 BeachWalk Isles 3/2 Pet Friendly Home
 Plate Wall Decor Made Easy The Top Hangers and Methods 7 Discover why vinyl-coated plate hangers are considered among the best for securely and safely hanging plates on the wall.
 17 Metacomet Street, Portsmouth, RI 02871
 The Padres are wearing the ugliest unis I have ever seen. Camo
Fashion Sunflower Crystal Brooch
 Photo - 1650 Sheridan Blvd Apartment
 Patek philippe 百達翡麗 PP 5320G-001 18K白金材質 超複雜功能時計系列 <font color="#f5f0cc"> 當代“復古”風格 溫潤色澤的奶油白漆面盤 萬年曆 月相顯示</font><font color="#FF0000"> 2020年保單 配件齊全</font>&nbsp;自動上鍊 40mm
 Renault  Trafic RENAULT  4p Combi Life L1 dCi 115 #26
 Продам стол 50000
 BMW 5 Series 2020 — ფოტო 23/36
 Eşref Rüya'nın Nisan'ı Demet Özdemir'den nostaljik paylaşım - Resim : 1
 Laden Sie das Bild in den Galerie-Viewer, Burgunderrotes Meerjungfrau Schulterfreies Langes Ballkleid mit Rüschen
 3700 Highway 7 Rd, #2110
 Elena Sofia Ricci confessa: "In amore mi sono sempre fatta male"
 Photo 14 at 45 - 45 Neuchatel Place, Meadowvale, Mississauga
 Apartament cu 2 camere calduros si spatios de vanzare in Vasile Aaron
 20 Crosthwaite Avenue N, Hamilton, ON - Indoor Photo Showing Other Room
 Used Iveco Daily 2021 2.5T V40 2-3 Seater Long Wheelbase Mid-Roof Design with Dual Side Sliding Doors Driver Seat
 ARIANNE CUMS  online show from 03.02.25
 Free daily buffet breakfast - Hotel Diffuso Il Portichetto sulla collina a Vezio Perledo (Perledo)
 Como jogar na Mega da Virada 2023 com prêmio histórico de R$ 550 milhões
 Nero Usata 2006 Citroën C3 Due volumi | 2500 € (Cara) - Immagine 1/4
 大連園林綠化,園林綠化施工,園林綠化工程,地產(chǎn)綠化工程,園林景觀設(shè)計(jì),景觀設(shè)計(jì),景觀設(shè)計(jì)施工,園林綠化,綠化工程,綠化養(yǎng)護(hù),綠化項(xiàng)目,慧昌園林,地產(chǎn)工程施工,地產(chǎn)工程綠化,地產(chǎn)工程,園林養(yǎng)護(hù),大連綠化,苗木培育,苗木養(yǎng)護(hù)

- **Aim of the task**: Restate the listing above word for word.

- **Reply to the exercise**:
 BeachWalk Isles 3/2 Pet Friendly Home
 Plate Wall Decor Made Easy The Top Hangers and Methods 7 Discover why vinyl-coated plate hangers are considered among the best for securely and safely hanging plates on the wall.
 17 Metacomet Street, Portsmouth, RI 02871
 The Padres are wearing the ugliest unis I have ever seen. Camo
Fashion Sunflower Crystal Brooch
 Photo - 1650 Sheridan Blvd Apartment
 Patek philippe 百達翡麗 PP 5320G-001 18K白金材質 超複雜功能時計系列 <font color="#f5f0cc"> 當代“復古”風格 溫潤色澤的奶油白漆面盤 萬年曆 月相顯示</font><font color="#FF0000"> 2020年保單 配件齊全</font>&nbsp;自動上鍊 40mm
 Renault  Trafic RENAULT  4p Combi Life L1 dCi 115 #26
 Продам стол 50000
 BMW 5 Series 2020 — ფოტო 23/36
 Eşref Rüya'nın Nisan'ı Demet Özdemir'den nostaljik paylaşım - Resim : 1
 Laden Sie das Bild in den Galerie-Viewer, Burgunderrotes Meerjungfrau Schulterfreies Langes Ballkleid mit Rüschen
 3700 Highway 7 Rd, #2110
 Elena Sofia Ricci confessa: "In amore mi sono sempre fatta male"
 Photo 14 at 45 - 45 Neuchatel Place, Meadowvale, Mississauga
 Apartament cu 2 camere calduros si spatios de vanzare in Vasile Aaron
 20 Crosthwaite Avenue N, Hamilton, ON - Indoor Photo Showing Other Room
 Used Iveco Daily 2021 2.5T V40 2-3 Seater Long Wheelbase Mid-Roof Design with Dual Side Sliding Doors Driver Seat
 ARIANNE CUMS  online show from 03.02.25
 Free daily buffet breakfast - Hotel Diffuso Il Portichetto sulla collina a Vezio Perledo (Perledo)
 Como jogar na Mega da Virada 2023 com prêmio histórico de R$ 550 milhões
 Nero Usata 2006 Citroën C3 Due volumi | 2500 € (Cara) - Immagine 1/4
 大連園林綠化,園林綠化施工,園林綠化工程,地產(chǎn)綠化工程,園林景觀設(shè)計(jì),景觀設(shè)計(jì),景觀設(shè)計(jì)施工,園林綠化,綠化工程,綠化養(yǎng)護(hù),綠化項(xiàng)目,慧昌園林,地產(chǎn)工程施工,地產(chǎn)工程綠化,地產(chǎn)工程,園林養(yǎng)護(hù),大連綠化,苗木培育,苗木養(yǎng)護(hù)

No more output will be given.